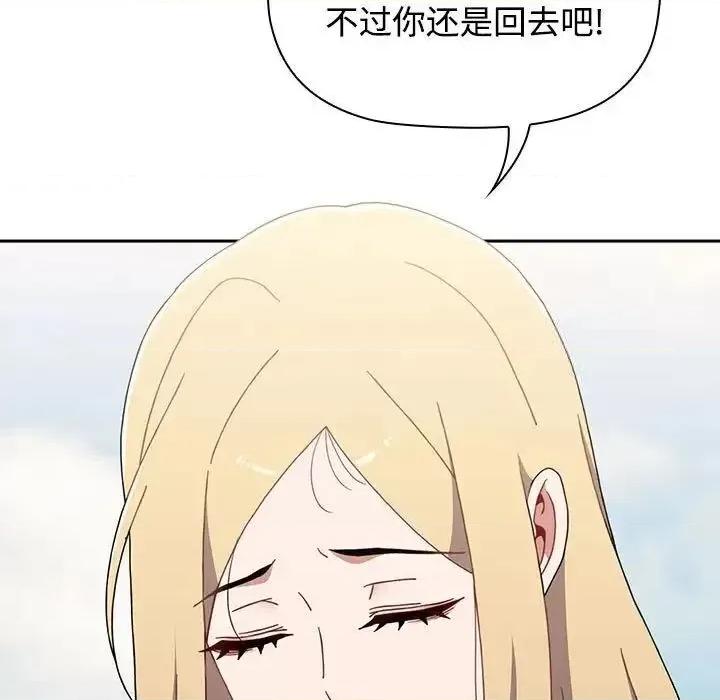小孩子才做选择 小孩子才做选择91 小孩子才做选择 第71页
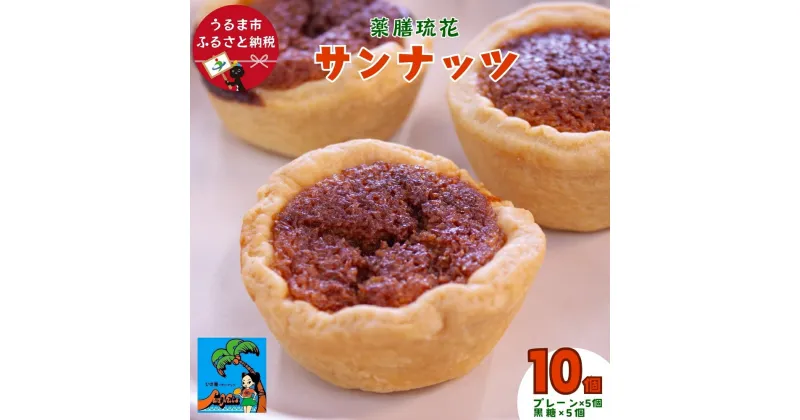 【ふるさと納税】薬膳琉花　サンナッツ（10個入り）焼き菓子　沖縄菓子　素材にこだわった　おやつ　おかし　うるま市　タルト　黒糖　ココナッツ　手作り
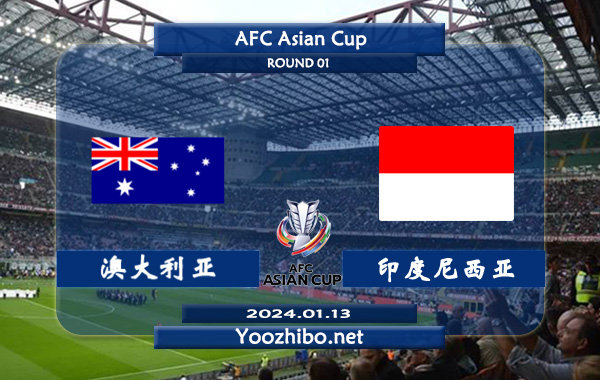 澳大利亚vs印度赛事前瞻分析：澳大利亚近期状态相当不错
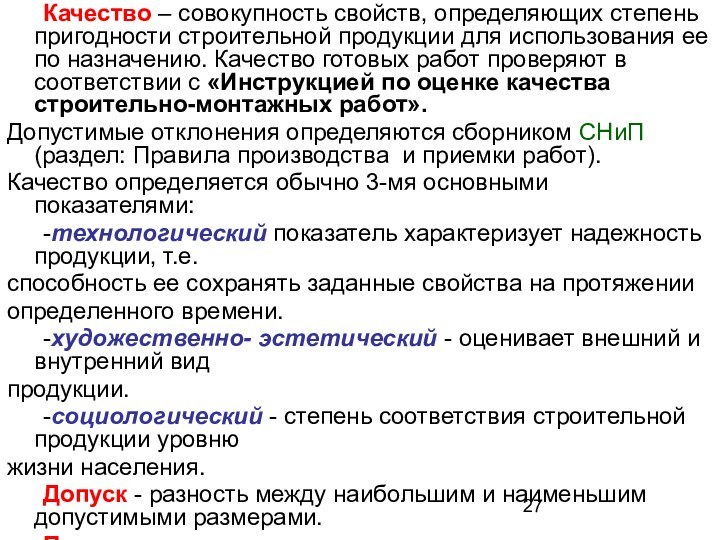 Качество – совокупность свойств, определяющих степень пригодности строительной продукции для использования ее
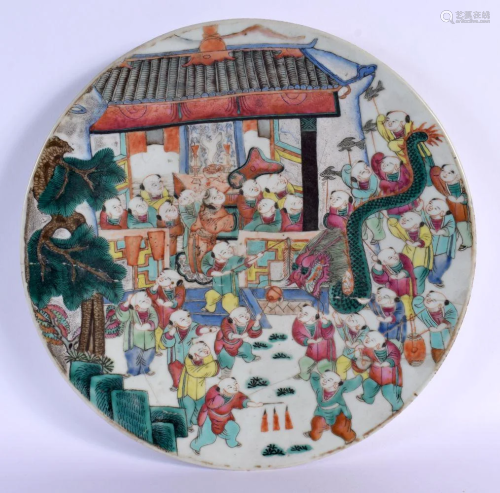 A RARE 19TH CENTURY CHINESE FAMILLE ROSE PORCELAIN DISH Tong...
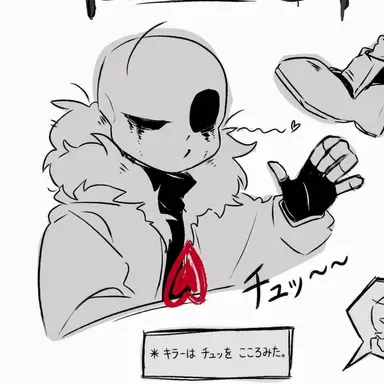 Profile image of キラー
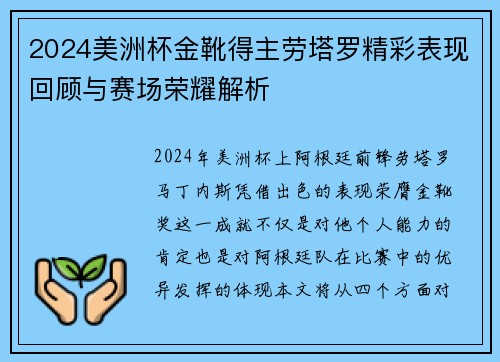 2024美洲杯金靴得主劳塔罗精彩表现回顾与赛场荣耀解析 2024美洲杯金靴得主劳塔罗精彩表现回顾与赛场荣耀解析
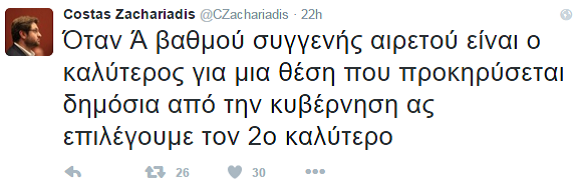 Αιχμές Ζαχαριάδη για το διορισμό του συζύγου της Καφαντάρη σε θέση διευθυντή ΔΕΚΟ | iefimerida.gr 0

********************

• Your goal:
Exactly as they appear, repeat the lines from the one containing "2024美洲杯金靴得主劳塔罗精彩表现回顾与赛场荣耀解析 2024美洲杯金靴得主劳塔罗精彩表现回顾与赛场荣耀解析" through the last line of the entries, counting both ends. Pictures stay out.

• Finished exercise:
 2024美洲杯金靴得主劳塔罗精彩表现回顾与赛场荣耀解析 2024美洲杯金靴得主劳塔罗精彩表现回顾与赛场荣耀解析
 Αιχμές Ζαχαριάδη για το διορισμό του συζύγου της Καφαντάρη σε θέση διευθυντή ΔΕΚΟ | iefimerida.gr 0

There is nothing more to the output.